What is the solution? It doesn’t appear to me that there is one. Whenever I have a discussion with somebody from the other faction, somebody who’s been inculcated with the intoxicating allure of right-wing propaganda, it always ends in futility. When two people can’t even agree on basic facts, or can’t find a single source of information that each agrees is credible, there is no foundation on which to have a good faith discussion. Even worse, when our identities (race, religion, gender, sexuality…) are so clearly instrumental in determining our faction, and when our faction stands obstinately behind a very extreme and all-encompassing worldview and ideology, any discussion about politics becomes an attack on our identity. And there’s nothing that makes a person raise their guard and close their mind more quickly than an attack on their identity.
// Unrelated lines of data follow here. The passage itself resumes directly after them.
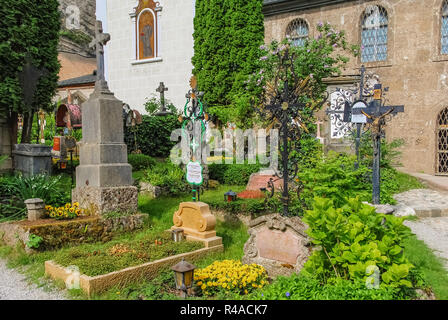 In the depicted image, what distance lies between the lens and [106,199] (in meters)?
7.18

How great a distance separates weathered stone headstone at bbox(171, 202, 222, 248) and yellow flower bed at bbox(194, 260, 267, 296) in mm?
1475

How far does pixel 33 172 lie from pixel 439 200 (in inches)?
458

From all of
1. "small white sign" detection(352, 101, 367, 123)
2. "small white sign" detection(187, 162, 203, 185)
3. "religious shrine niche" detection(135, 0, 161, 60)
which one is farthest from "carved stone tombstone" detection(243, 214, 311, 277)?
"religious shrine niche" detection(135, 0, 161, 60)

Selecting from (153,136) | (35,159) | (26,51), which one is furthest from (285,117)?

No matter who’s in the White House, there is no force in the world today that will make people coalesce around a common set of facts and values. Polarization will continue to worsen, and it will become more radicalized and violent. It will lead to the breakdown of institutions and norms that were once bipartisan. It will extend the political gridlock that has stymied the policy action necessary to confront the biggest challenges of our time. That is an especially dire prognosis in an era marked by the climate crisis: The biggest, most existential collective action problem humanity has ever faced.
So while I am relieved that Trump will soon vacate the White House, my relief is fleeting. The structural problems in society run astoundingly deep, and I fail to see any reason to be optimistic that some panacea will suddenly materialize. We’re in dark times, and I’m profoundly worried.